Estranged siblings deal with their dying father, and each other, in Charles Lambert’s novel Prodigal.
Jeremy and Rachel have never been close. Rachel, always their father’s favorite, resents her mother and brother for abandoning the family in favor of selfish pursuits. Jeremy was favored by his mother and ran away to Paris years ago to escape his father’s disapproval. Now, pushed together by the imminent death of their father, the siblings learn how to live with each other for the first time in decades.
The narrative switches between Jeremy and Rachel, showing their limited perspectives through nimble prose as they reflect back on their family relationships. Despite growing up together, their childhoods were very different, and while both can admit that their upbringing was messy, they cannot bring themselves to see things from each other’s point of view.
Bitter distance prevents Jeremy and Rachel from connecting over their shared pain. Misunderstandings, parental abuse, and discordant memories rupture whatever tenuous bonds they manage to forge.

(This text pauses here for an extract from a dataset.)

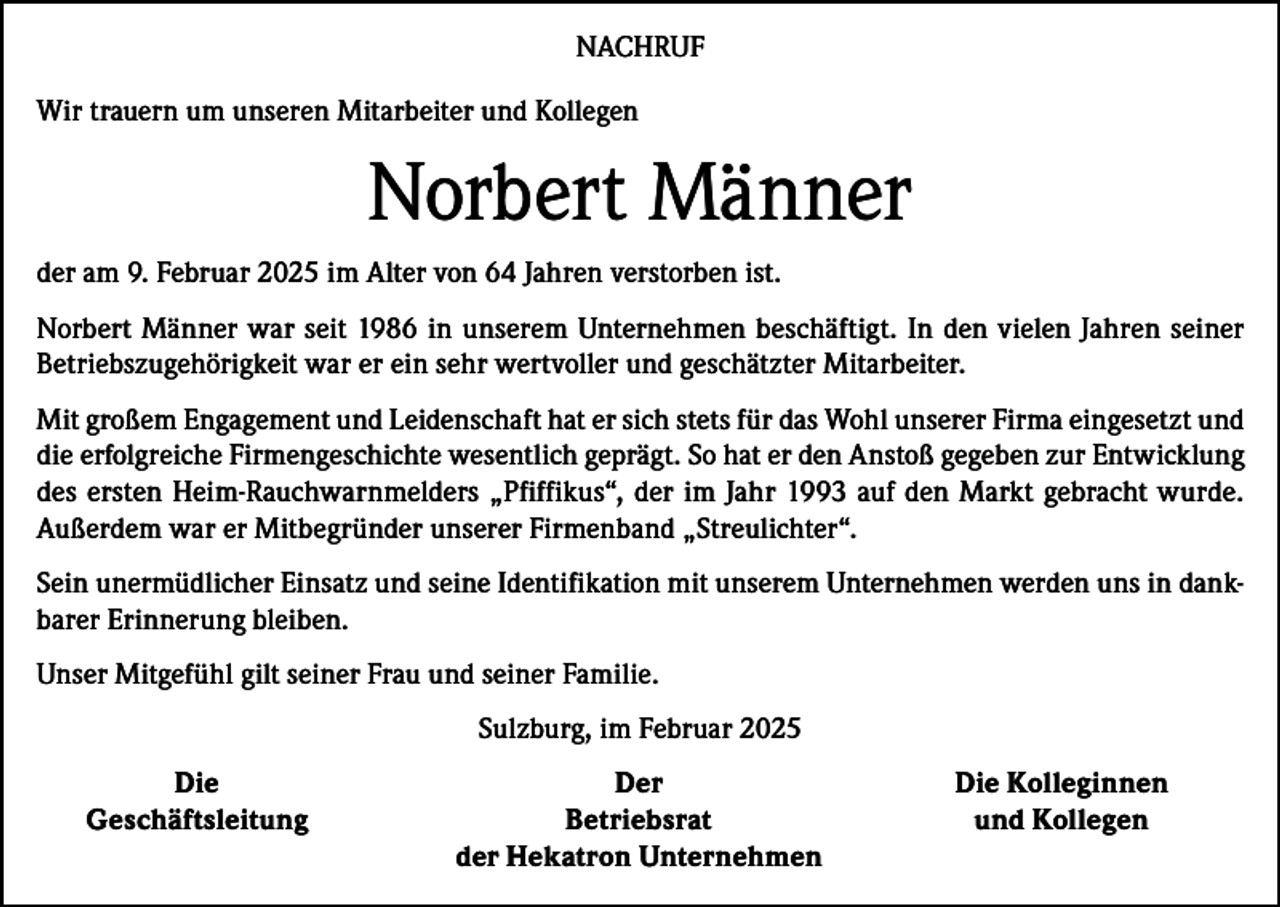 <p>NACHRUF<br />Wir trauern um unseren Mitarbeiter und Kollegen</p><p>Norbert Männer<br />der am 9. Februar 2025 im Alter von 64 Jahren verstorben ist.<br />Norbert Männer war seit 1986 in unserem Unternehmen beschäftigt. In den vielen Jahren seiner<br />Betriebszugehörigkeit war er ein sehr wertvoller und geschätzter Mitarbeiter.<br />Mit großem Engagement und Leidenschaft hat er sich stets für das Wohl unserer Firma eingesetzt und<br />die erfolgreiche Firmengeschichte wesentlich geprägt. So hat er den Anstoß gegeben zur Entwicklung<br />des ersten Heim-Rauchwarnmelders „Pfiffikus“, der im Jahr 1993 auf den Markt gebracht wurde.<br />Außerdem war er Mitbegründer unserer Firmenband „Streulichter“.<br />Sein unermüdlicher Einsatz und seine Identifikation mit unserem Unternehmen werden uns in dankbarer Erinnerung bleiben.<br />Unser Mitgefühl gilt seiner Frau und seiner Familie.<br />Sulzburg, im Februar 2025</p><p>Die<br />Geschäftsleitung</p><p>Der<br />Betriebsrat<br />der Hekatron Unternehmen</p><p>Die Kolleginnen<br />und Kollegen</p>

An unhealthy dose of self-delusion, especially when it comes to Rachel’s perceptions of her relationship with her faithless husband, and hints of more insidious secrets lurking beneath the surface add to the family’s perpetual dysfunction.
After so many years of bad blood, both real and imagined, an easy reconciliation is beyond reach. But with the impending loss of their only living parent, the influence of the past weakens. Jeremy and Rachel learn to draw on their strengths. With conscious effort, each tries to put aside past rivalries and do what’s best for the other. Their dark journey culminates in the bittersweet discovery that death can be tragic and freeing in equal measure.
Spanning over thirty years, Prodigal is a visceral novel about a family suffering under the weight of secrets, lies, and things left unsaid.